→ Dataset extract
-.-.-

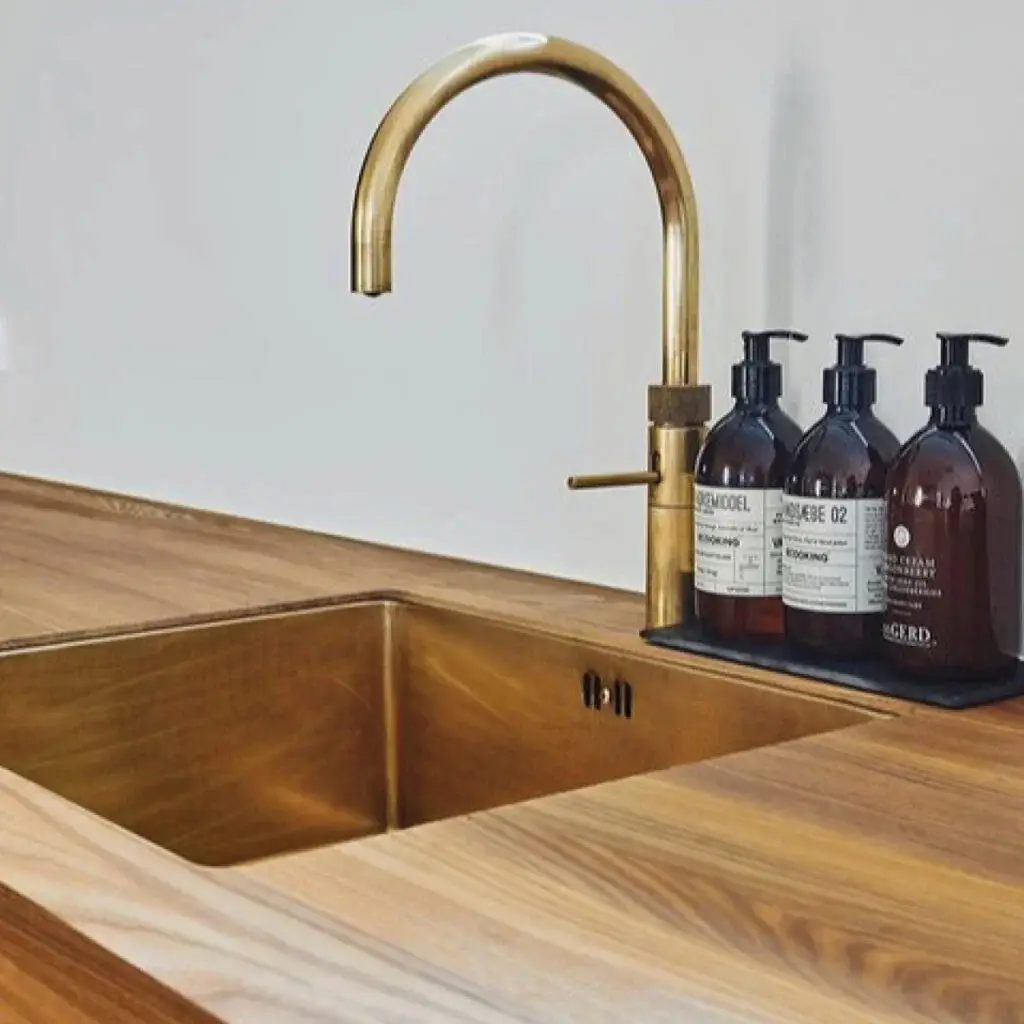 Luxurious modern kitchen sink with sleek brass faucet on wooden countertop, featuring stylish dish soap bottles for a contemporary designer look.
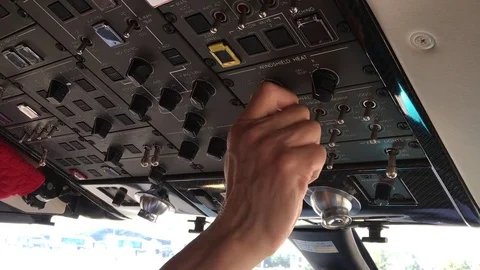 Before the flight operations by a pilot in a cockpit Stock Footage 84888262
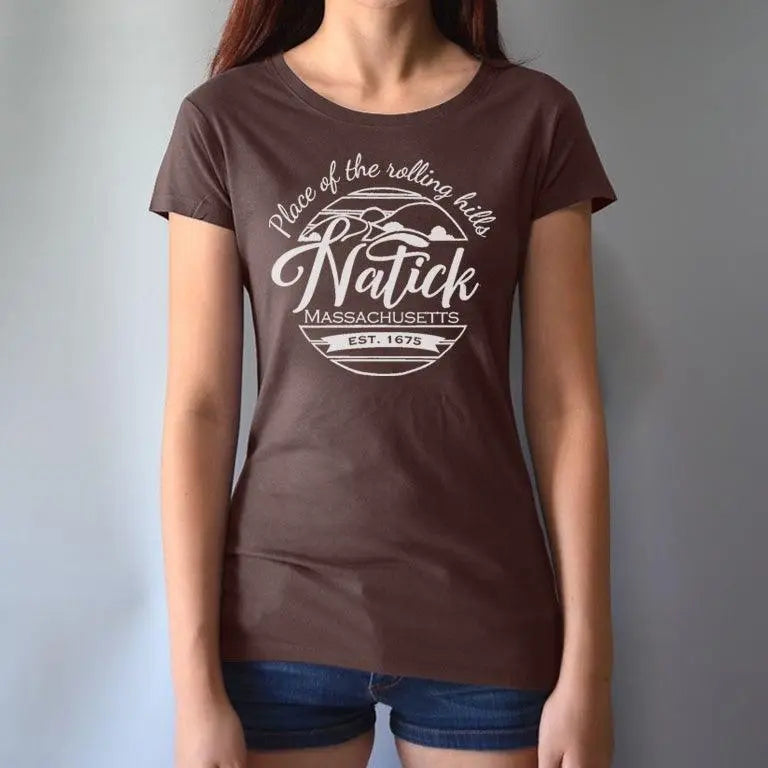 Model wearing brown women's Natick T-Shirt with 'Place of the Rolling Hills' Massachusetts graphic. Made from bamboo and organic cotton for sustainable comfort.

-.-.-

→ Action item
The copy runs from the line containing "Before the flight" through the last line of the material, both ends included. Reproduce those lines exactly and drop the pictures.

→ Your response
 Before the flight operations by a pilot in a cockpit Stock Footage 84888262
 Model wearing brown women's Natick T-Shirt with 'Place of the Rolling Hills' Massachusetts graphic. Made from bamboo and organic cotton for sustainable comfort.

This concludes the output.